Day 06: GQA attention, the one sublayer that mixes tokens

Date: 2026-06-21 · Week 1 · Phase 0 Foundations

What I added today

src/nanoserve/layers.py: gqa_attention, the single-block prefill attention (Q/K/V projections, RoPE on q and k, the KV-head repeat, a causal mask, softmax, and o_proj), plus the repeat_kv helper. Five new tests in tests/test_layers.py: three pure-math (the contiguous KV repeat, a full attention recompute via an independent path, and a causality trap) and one gated against the real Llama-3.2-1B self_attn hook to 1e-5. Full suite is 41 green.

Why it matters

A transformer block has two sublayers. The MLP (Day 5) transforms each token on its own; attention is the only place where tokens look at each other. With attention done, all four computed pieces of a block exist (RMSNorm, RoPE, SwiGLU, attention), and tomorrow they assemble into one verified block. This is also the sublayer the rest of the project is really about: the KV cache, continuous batching, and the paged-attention kernel all exist to make this one operation cheap at serving time.

What I learned

Grouped-query attention is a memory decision wearing a math costume. Plain multi-head attention gives every query head its own key and value head; the problem is that at serving time you cache K and V for every past token, so the cache grows with the number of KV heads. Llama-3.2-1B keeps 32 query heads but only 8 KV heads, and shares each KV head across a group of 4 query heads. The attention math is unchanged; you just store and stream 4x fewer keys and values. That single ratio is why the rest of this engine (the paged cache, the kernel) is even tractable, so it was worth getting the grouping exactly right.

The way GQA actually runs is almost an anticlimax: you project k and v as 8 heads, then repeat_kv expands them back to 32 right before the scores, so the score matmul is plain 32-head attention again. The only thing that matters is which query heads share a KV head. They must be contiguous: query heads 0-3 share KV head 0, 4-7 share KV head 1, and so on. The expand-then-reshape in repeat_kv (insert a length-4 axis next to the head axis, then fold it in) produces exactly that grouping; a stray tile/repeat would interleave the heads and the model would still run while quietly attending with the wrong keys. So the first test builds two KV heads with distinguishable values and asserts head 0 lands in output slots 0-2 and head 1 in 3-5.
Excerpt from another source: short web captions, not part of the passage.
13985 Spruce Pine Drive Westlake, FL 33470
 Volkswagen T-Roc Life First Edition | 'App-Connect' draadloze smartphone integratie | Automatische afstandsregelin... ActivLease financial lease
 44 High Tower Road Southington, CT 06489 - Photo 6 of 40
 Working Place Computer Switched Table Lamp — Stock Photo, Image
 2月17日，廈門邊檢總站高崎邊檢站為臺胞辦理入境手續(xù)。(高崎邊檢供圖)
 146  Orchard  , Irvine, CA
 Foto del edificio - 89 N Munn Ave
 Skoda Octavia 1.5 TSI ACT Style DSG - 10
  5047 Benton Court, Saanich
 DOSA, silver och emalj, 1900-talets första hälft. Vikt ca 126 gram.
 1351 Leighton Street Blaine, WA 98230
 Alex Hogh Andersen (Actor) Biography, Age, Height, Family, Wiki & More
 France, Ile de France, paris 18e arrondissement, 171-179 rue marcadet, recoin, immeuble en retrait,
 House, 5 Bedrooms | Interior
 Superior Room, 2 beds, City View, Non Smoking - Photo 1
The three classic mismatch suspects all showed up as things to be careful about:

The causal mask. Add a -inf upper triangle (diagonal=1) to the scores before softmax so position i never sees a later token. The diagonal stays unmasked, so no row is ever entirely -inf and softmax never returns NaN. I wrote a dedicated trap for this: perturb only the last token’s input, and every earlier output row must be bit-identical. A flipped triangle or a missing mask fails it loudly.
The head reshape. It has to be view-to-[b, seq, heads, d] then transpose to [b, heads, seq, d]. A bare reshape straight to [b, heads, seq, d] interleaves positions and heads and silently corrupts everything downstream.
The GQA repeat itself, above.

For the pure-math equivalence test I recomputed attention by an independent path (repeat_interleave for the KV repeat instead of the production expand+reshape, identity RoPE so the rotary convention stays out of it) and matched to 1e-6. Then the real test: feed the layer’s true input (the input_layernorm output) through gqa_attention with the loader’s q/k/v/o weights and our own RoPE table, and compare to the HF self_attn output. 1e-5 on the first run. The softmax-in-fp32 detail (HF upcasts even in a low-precision model, then casts back) is a no-op in this fp32 pipeline but I mirrored it so the bf16 path matches later without surprises.

Diagram

gqa-attention.svg — one group of 4 query heads feeding a single shared KV head, the 32-vs-8 KV-cache size comparison (the 4x saving), and the five-line prefill math, with the three traps called out.

Tomorrow

Day 7, the Week 1 done line: assemble the full transformer block in layers.py / model.py (attn_norm, attention, residual, mlp_norm, SwiGLU, residual) on the real loaded weights, and verify the whole block output within 1e-5 of HF model.layers[0]. Then a Week 1 recap: the map, the weights, the four pieces, the block.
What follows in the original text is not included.